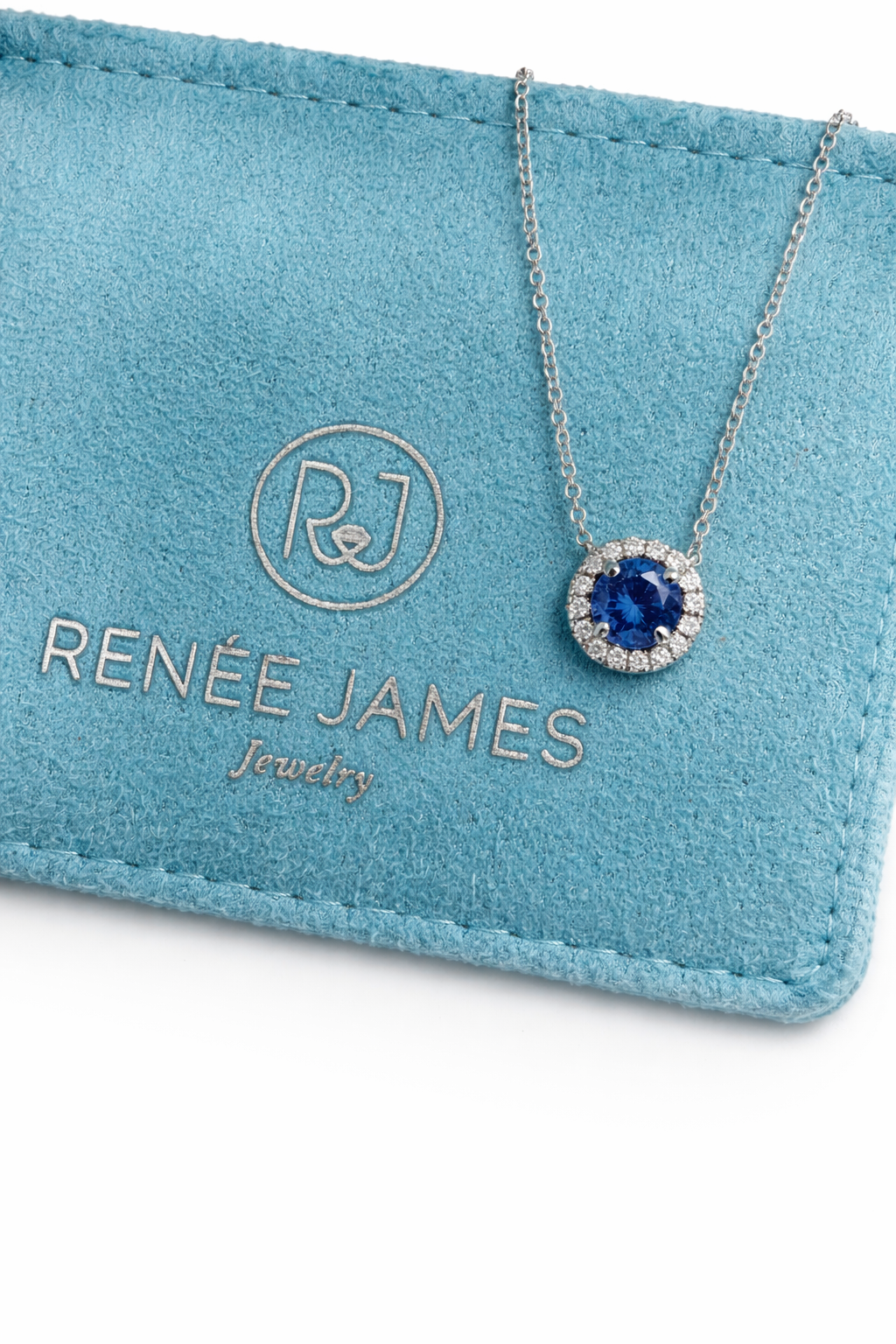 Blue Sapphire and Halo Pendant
---
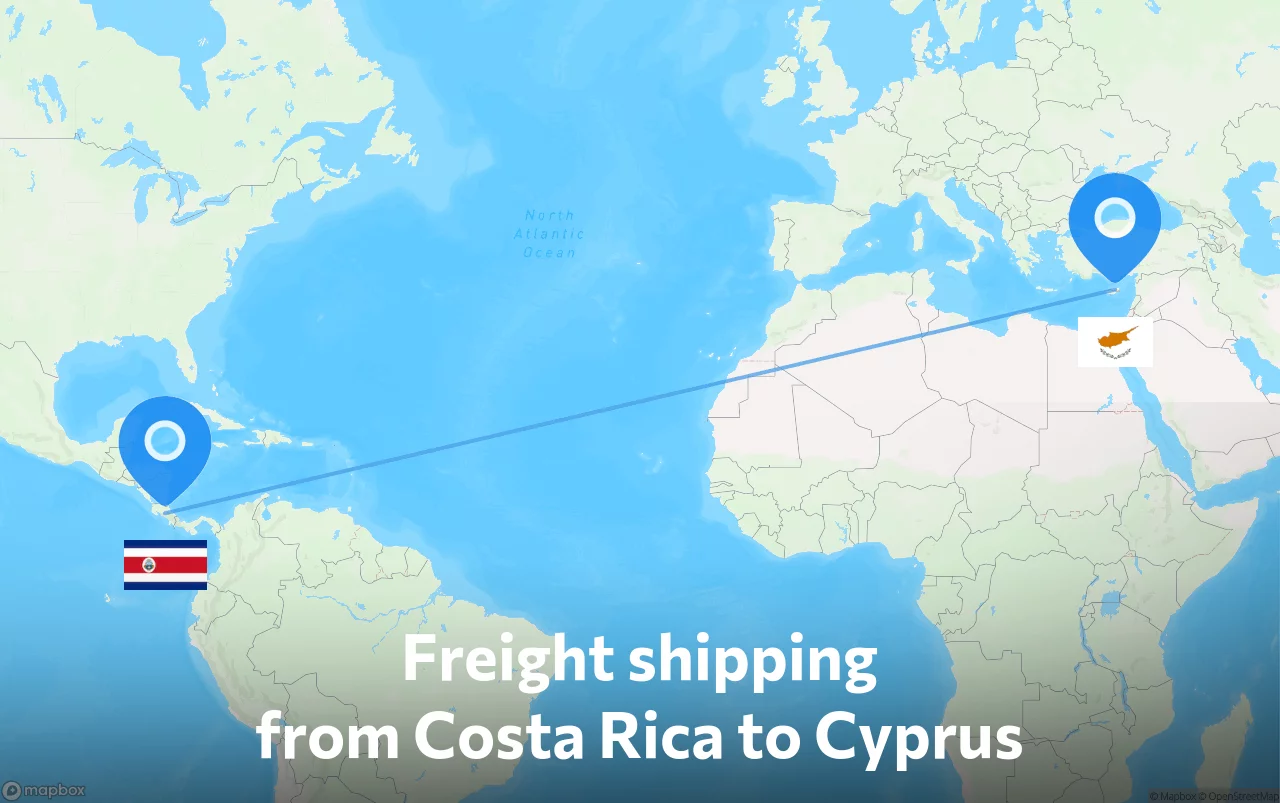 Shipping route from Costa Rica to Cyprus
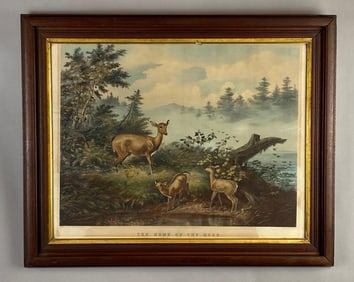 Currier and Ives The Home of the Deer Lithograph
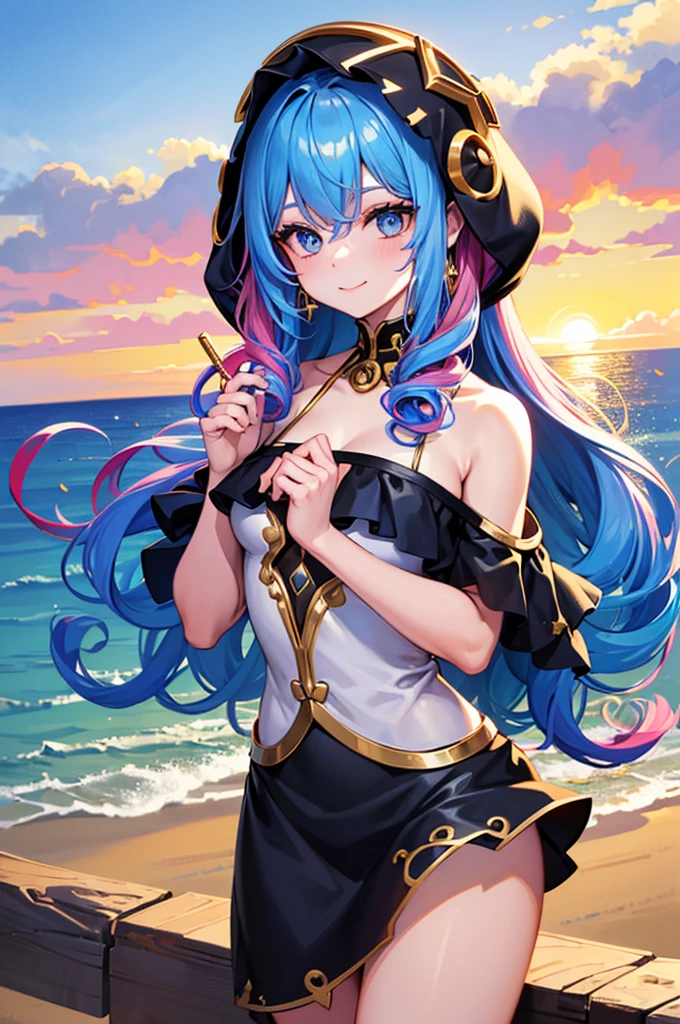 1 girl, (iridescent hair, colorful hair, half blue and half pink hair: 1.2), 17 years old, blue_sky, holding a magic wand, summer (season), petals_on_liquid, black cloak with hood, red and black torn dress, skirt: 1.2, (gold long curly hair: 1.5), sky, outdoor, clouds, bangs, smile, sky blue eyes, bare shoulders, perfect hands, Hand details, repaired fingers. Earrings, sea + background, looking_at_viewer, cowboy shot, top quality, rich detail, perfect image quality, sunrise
==
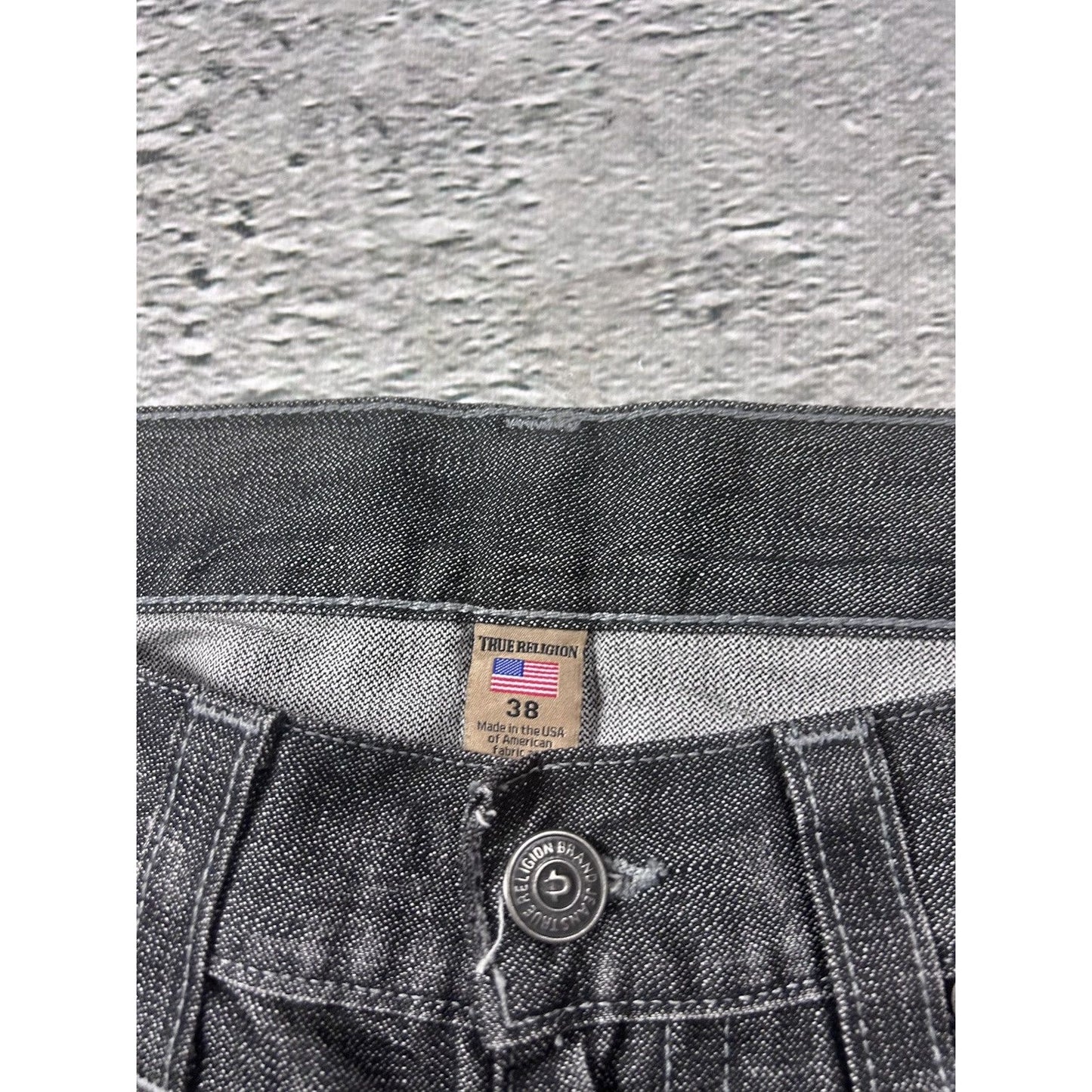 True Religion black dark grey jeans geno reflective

Brief »
Once the line with "Currier and Ives" is found in the data above, reproduce it and each line after it exactly, through the line with "1 girl, (iridescent". Omit the pictures.

Exercise output »
 Currier and Ives The Home of the Deer Lithograph
 1 girl, (iridescent hair, colorful hair, half blue and half pink hair: 1.2), 17 years old, blue_sky, holding a magic wand, summer (season), petals_on_liquid, black cloak with hood, red and black torn dress, skirt: 1.2, (gold long curly hair: 1.5), sky, outdoor, clouds, bangs, smile, sky blue eyes, bare shoulders, perfect hands, Hand details, repaired fingers. Earrings, sea + background, looking_at_viewer, cowboy shot, top quality, rich detail, perfect image quality, sunrise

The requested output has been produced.